What went wrong then? What did the Sexual Revolution basically promise to average progressive women, and why did that turn out to be a lie?

I’d argue that the more or less unstated promise of the Sexual Revolution to young single women was that: a) they will be sexually free without inviting social shame i.e. normalized sexual experimentation and promiscuity on their part will not have an unfavorable long-term effect on men’s attitudes towards them, and women will not sexually shame one another anymore b) they will be able to leave their constrictive gender roles to the extent they see fit, but this will not lead to social issues and anomie because men will be willing to fill those roles instead i.e. men will have no problem becoming stay-at-home dads, nurses, kindergarteners, doing housework etc.

And none of that turned out to be true.

Am I correct in this assessment?

I’ll sign in with @Goodguy and @Gillitrut: this isn’t a framing I’ve heard from progressives. Support for the Sexual Revolution is almost orthogonal to complaints about abuse or privilege. Women’s lib remains quite popular up until the point where it affects one’s own sisters or daughters. That’s a difference in risk tolerance.

Honestly, “the Revolution hasn’t gone far enough” isn’t something I see much in general. If I’m feeling optimistic, I’d say that’s because the Soviet “fifty Stalins” gave us pretty good antibodies. At the very least I think it’s recognized as a weak argument. We’re in an age of post-post-irony, and full-throated endorsement of anything is, uh, “cringe.”
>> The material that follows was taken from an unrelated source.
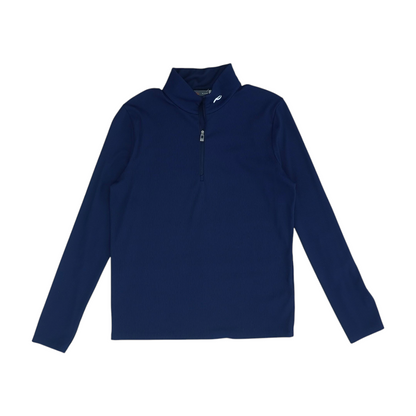 Navy Solid 1/4 Zip Pullover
Again, I'm not a bit surprised that you haven't heard it from them - after all, 2rafa was describing unstated views. On my part, I've seen self-proclaimed progressives state such views, but only online.

To add to this, I think the unstated nature of it is not only that they don't state it out loud, they don't state it in their own conscious thinking, because their brains have protections in place against consciously thinking such things, regardless of what they believe. This isn't a particularly progressive thing though, it's just a universal human thing that acts on all aspects of life, not just sexuality or politics, and it's the rare human who can even notice when they do this, much less actually combat it.

But it's pretty easy to conclude this based on seeing the way the consent framework gets awkwardly shoved into any cases where a woman is dissatisfied with some episode of casual sex - or more broadly the patriarchy oppression/oppressed framework gets awkwardly shoved in where women are dissatisfied with a life that's filled with casual sex - that whatever they're getting at is something that's shaped very similarly to whatever the religious conservatives are getting at with their talk about "honor" and "disgrace" and whatnot.

But it's pretty easy to conclude this based on seeing the way the consent framework gets awkwardly shoved into any cases where a woman is dissatisfied with some episode of casual sex

But that's not true. The highly online world is not representative of reality. In the broader world, even progressive women only bring up consent after a woman has dissatisfying sex a tiny fraction of the time.